From top to bottom, return the listing exactly as it appears, omitting its images.

:: Available data

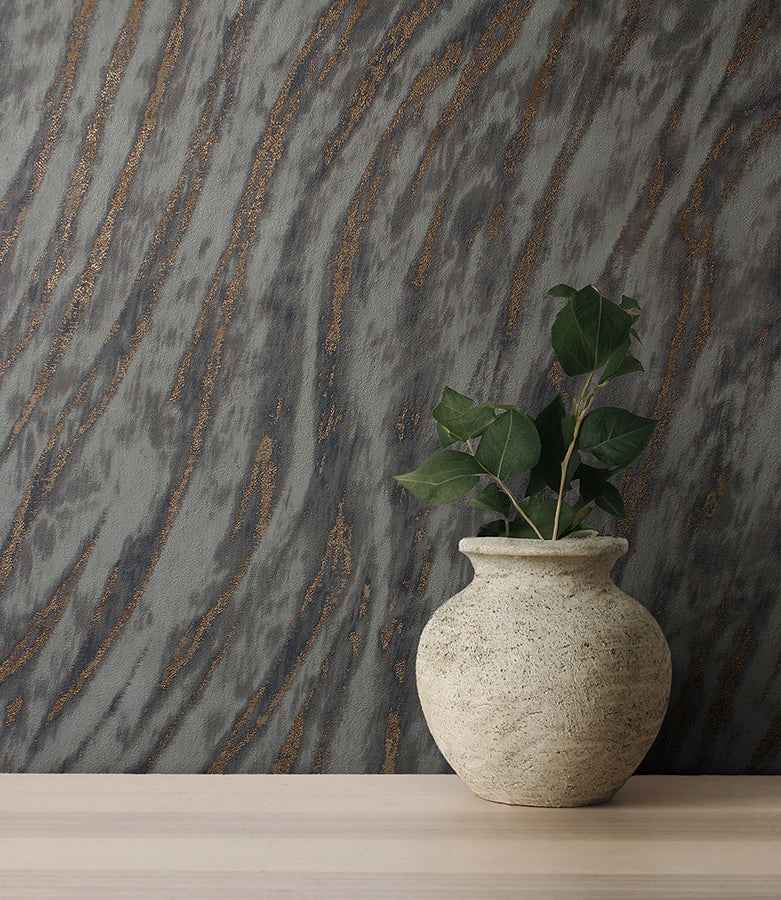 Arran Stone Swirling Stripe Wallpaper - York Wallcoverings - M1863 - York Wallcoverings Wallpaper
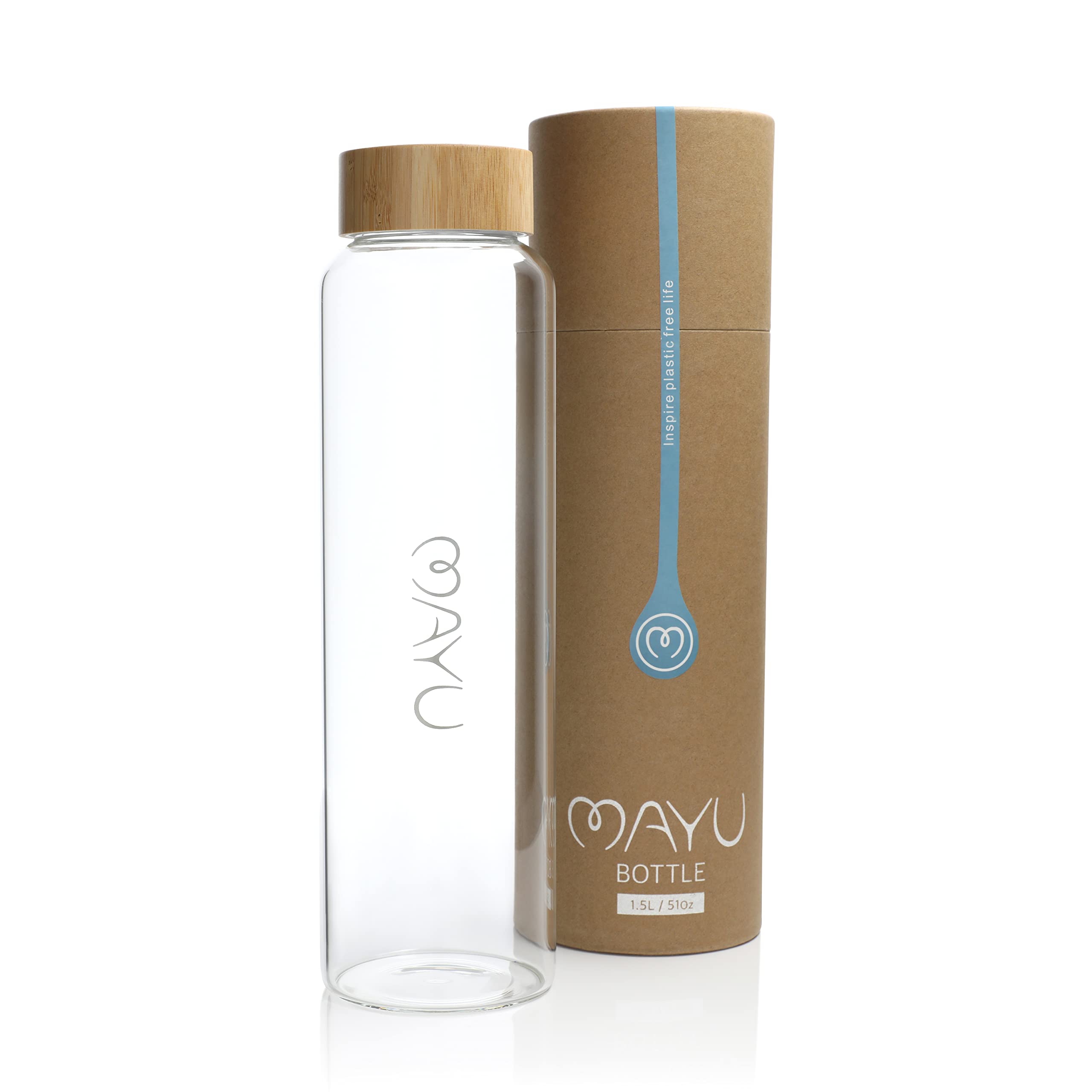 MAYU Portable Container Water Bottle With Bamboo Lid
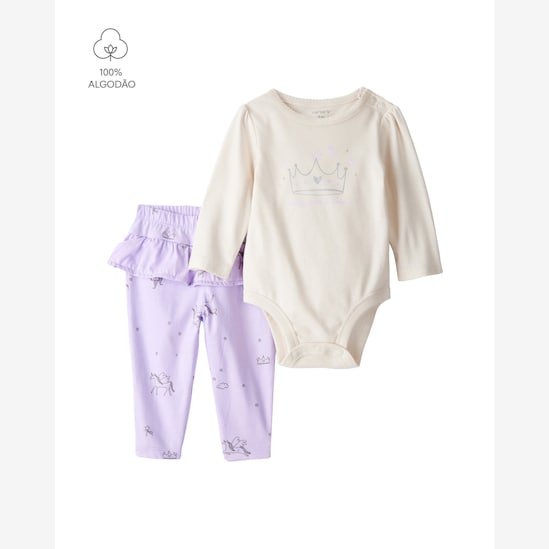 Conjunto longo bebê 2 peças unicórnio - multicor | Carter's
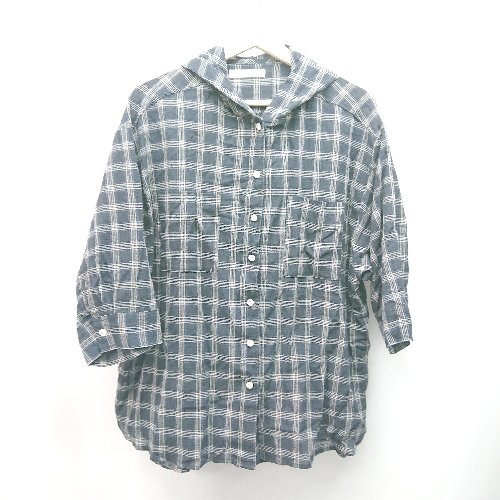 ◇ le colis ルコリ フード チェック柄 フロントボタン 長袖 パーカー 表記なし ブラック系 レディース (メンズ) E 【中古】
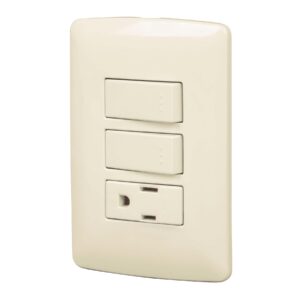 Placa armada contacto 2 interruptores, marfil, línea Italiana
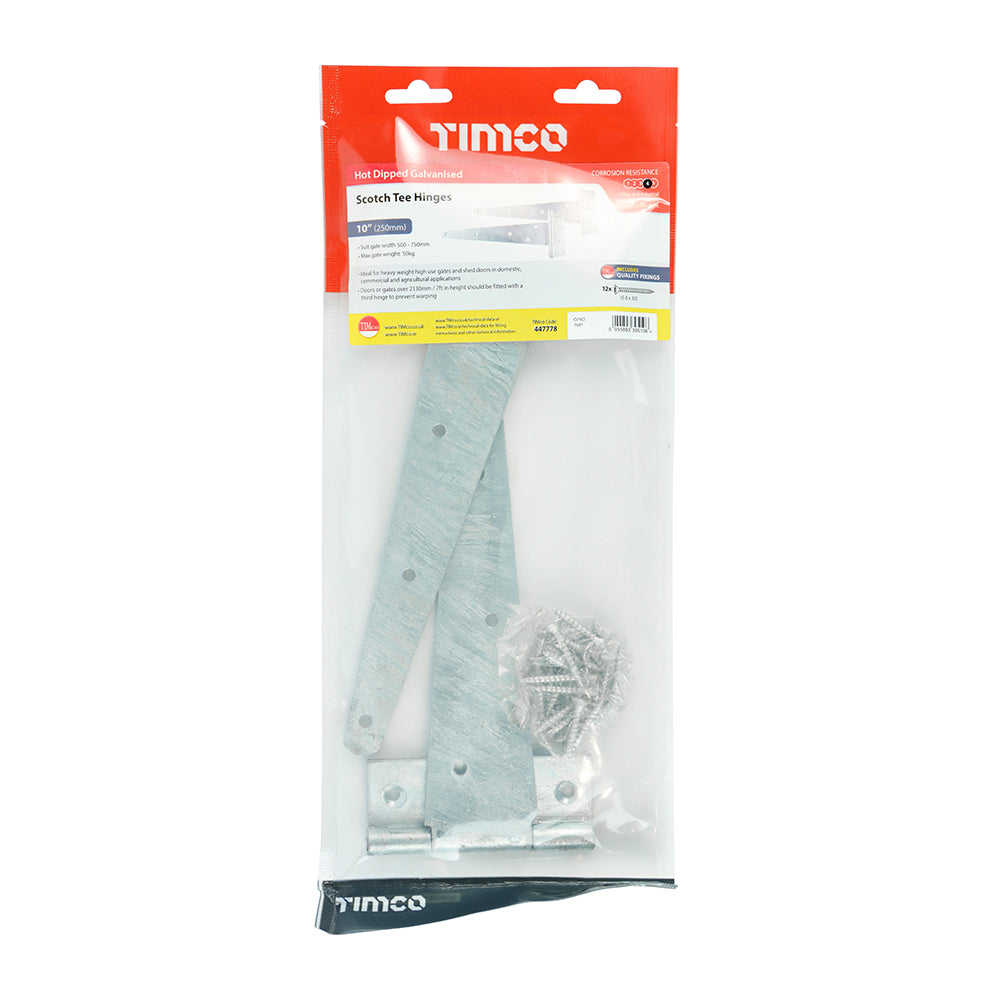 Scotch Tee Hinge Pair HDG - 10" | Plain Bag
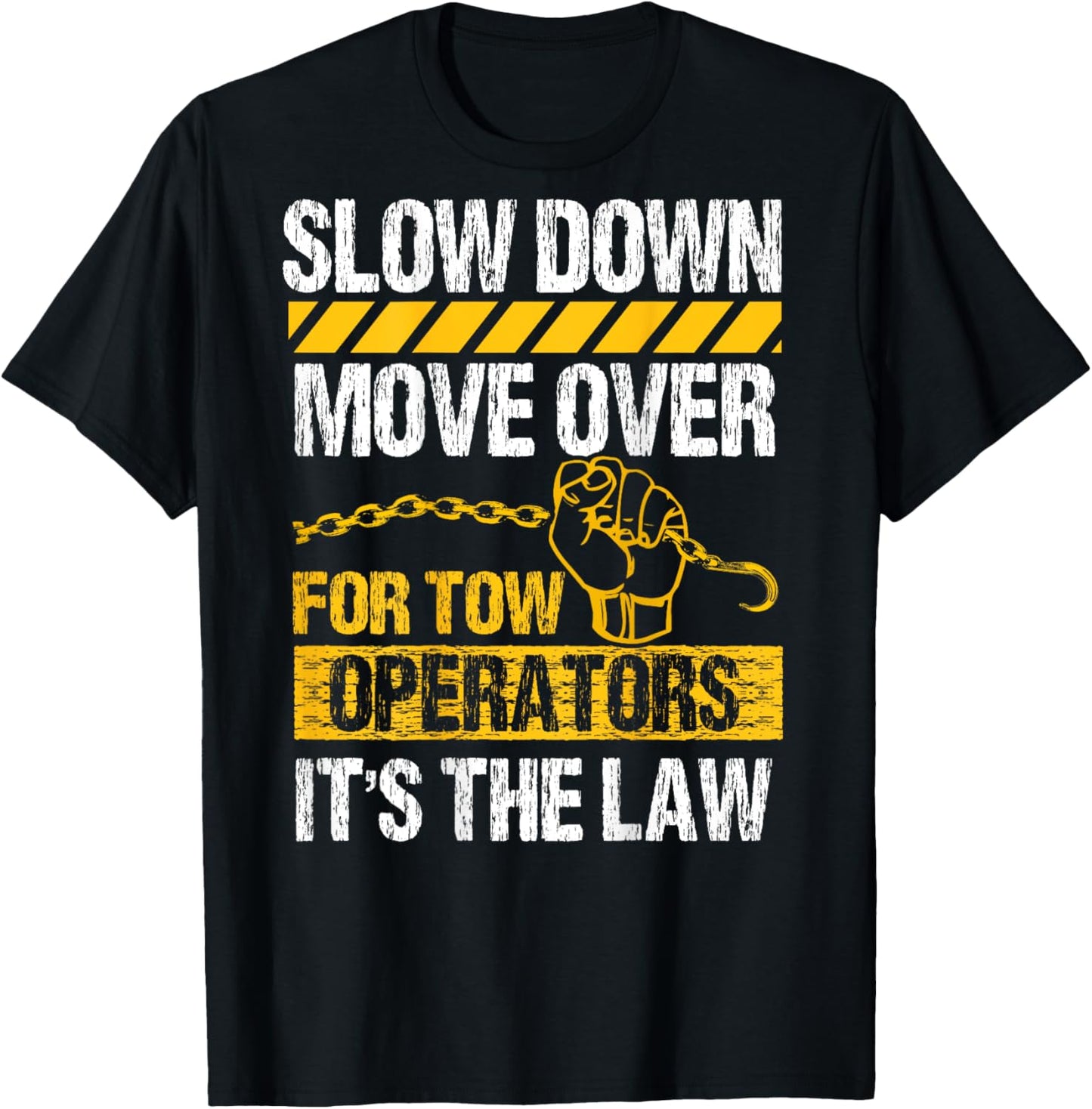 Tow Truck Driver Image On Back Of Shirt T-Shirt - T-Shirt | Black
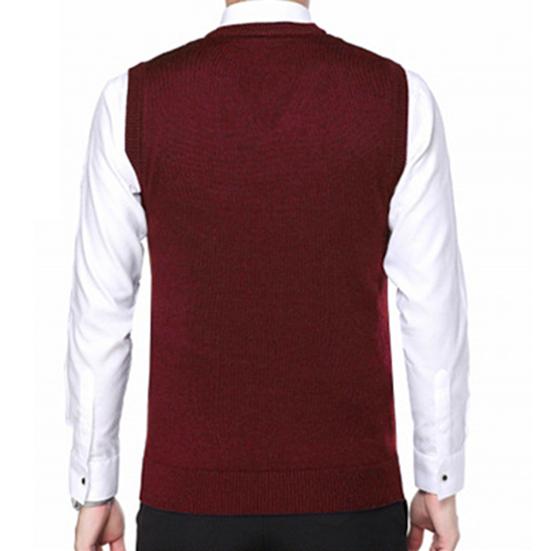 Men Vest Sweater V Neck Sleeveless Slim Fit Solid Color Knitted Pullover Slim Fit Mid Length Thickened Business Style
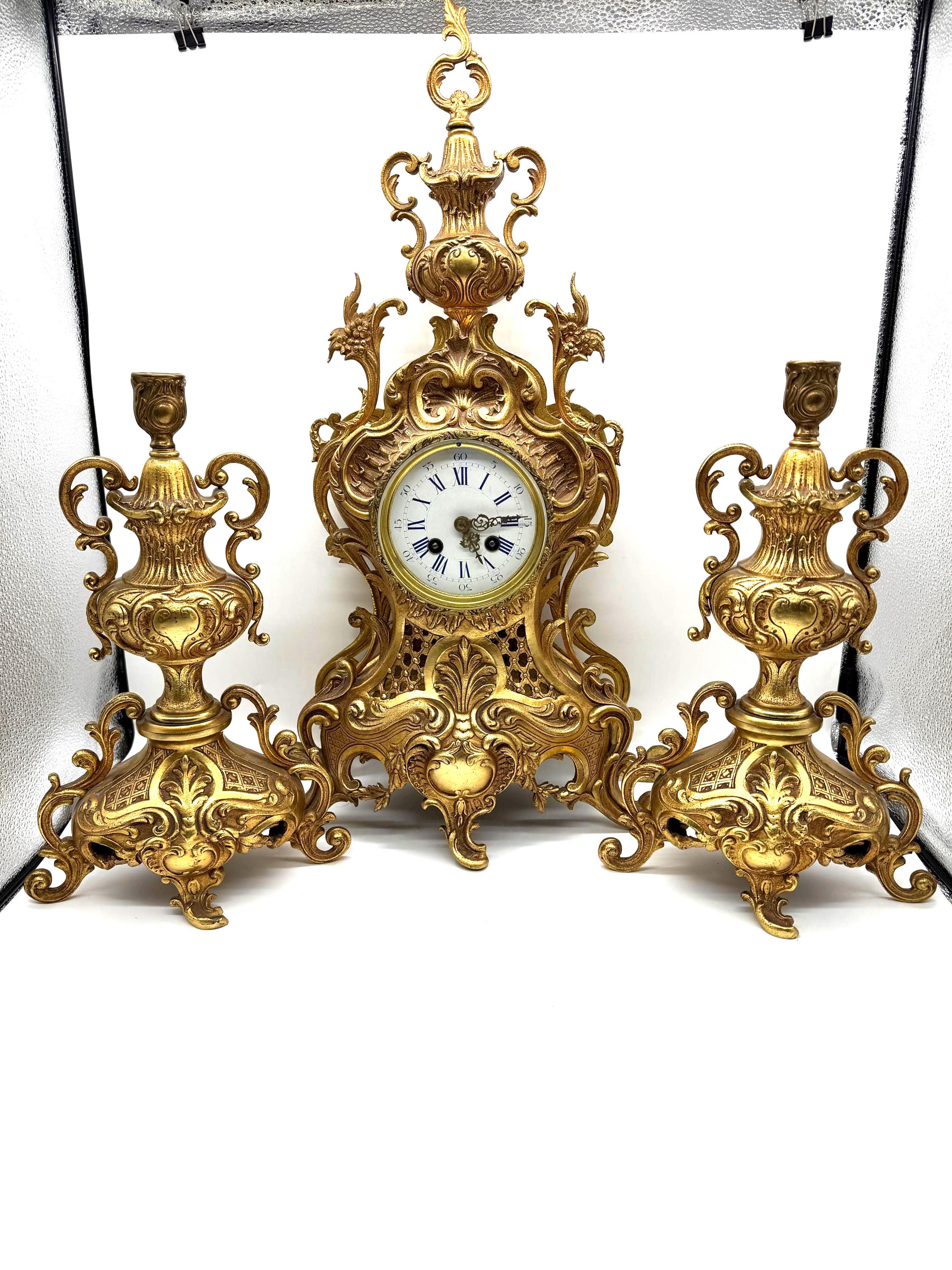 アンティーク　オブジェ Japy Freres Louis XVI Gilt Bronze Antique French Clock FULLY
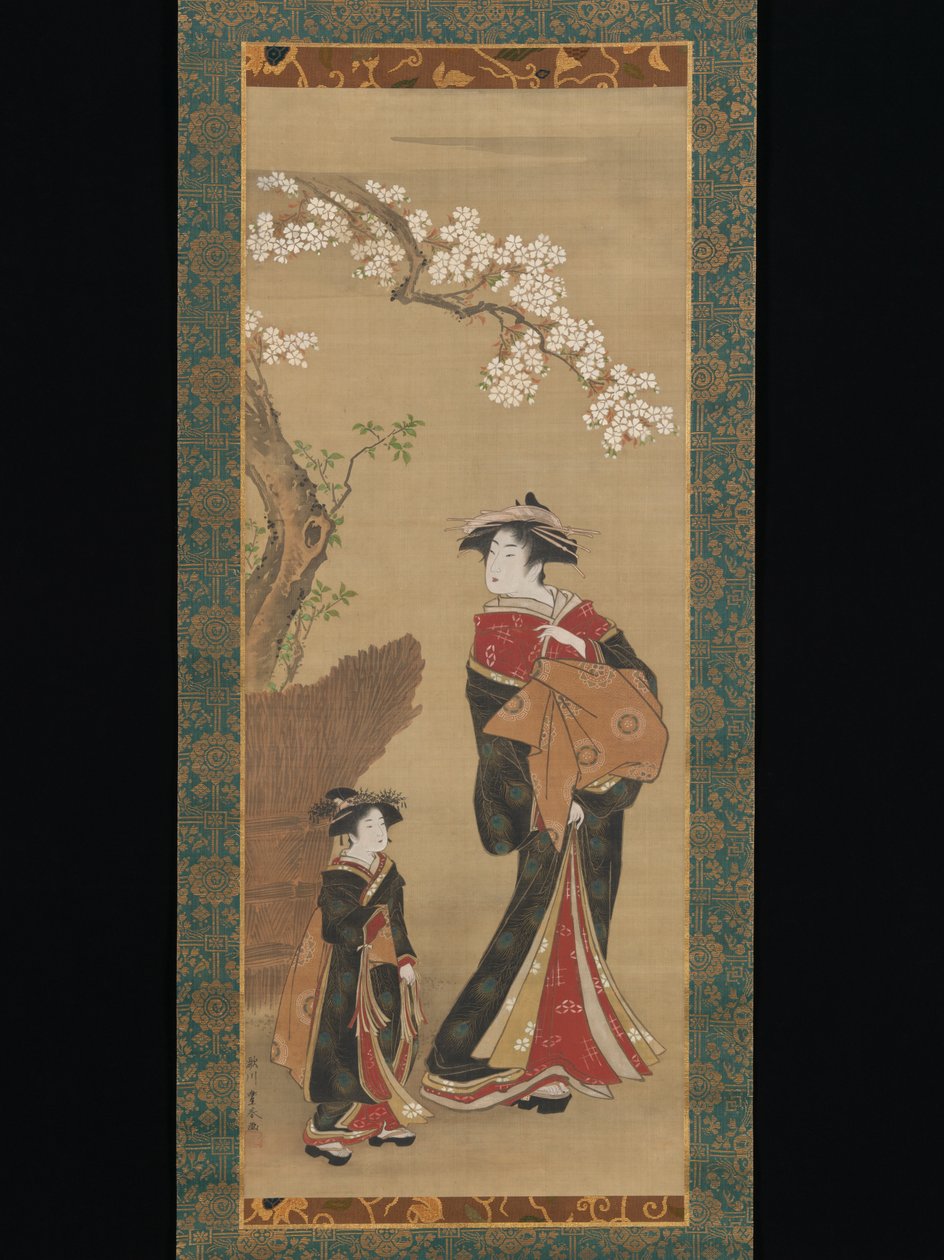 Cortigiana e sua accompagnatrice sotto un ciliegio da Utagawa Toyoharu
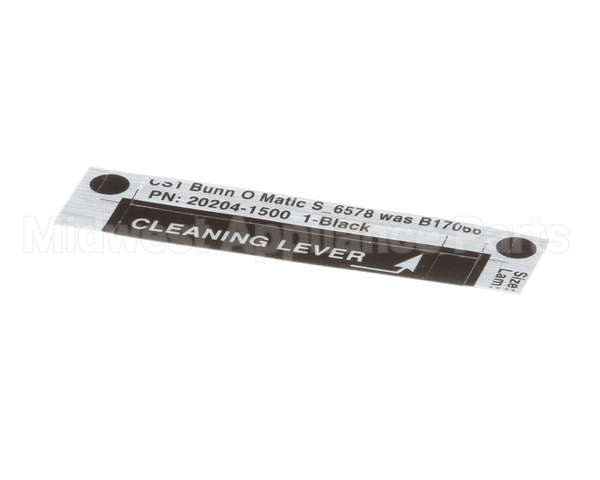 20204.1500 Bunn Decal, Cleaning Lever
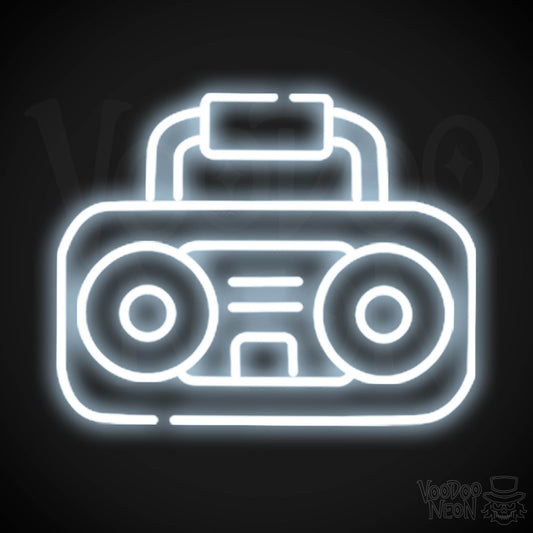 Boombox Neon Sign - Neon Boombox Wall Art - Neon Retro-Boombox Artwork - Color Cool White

::::

• _The answer_:
 Arran Stone Swirling Stripe Wallpaper - York Wallcoverings - M1863 - York Wallcoverings Wallpaper
 MAYU Portable Container Water Bottle With Bamboo Lid
 Conjunto longo bebê 2 peças unicórnio - multicor | Carter's
 ◇ le colis ルコリ フード チェック柄 フロントボタン 長袖 パーカー 表記なし ブラック系 レディース (メンズ) E 【中古】
 Placa armada contacto 2 interruptores, marfil, línea Italiana
 Scotch Tee Hinge Pair HDG - 10" | Plain Bag
 Tow Truck Driver Image On Back Of Shirt T-Shirt - T-Shirt | Black
 Men Vest Sweater V Neck Sleeveless Slim Fit Solid Color Knitted Pullover Slim Fit Mid Length Thickened Business Style
 アンティーク　オブジェ Japy Freres Louis XVI Gilt Bronze Antique French Clock FULLY
 Cortigiana e sua accompagnatrice sotto un ciliegio da Utagawa Toyoharu
 20204.1500 Bunn Decal, Cleaning Lever
 Boombox Neon Sign - Neon Boombox Wall Art - Neon Retro-Boombox Artwork - Color Cool White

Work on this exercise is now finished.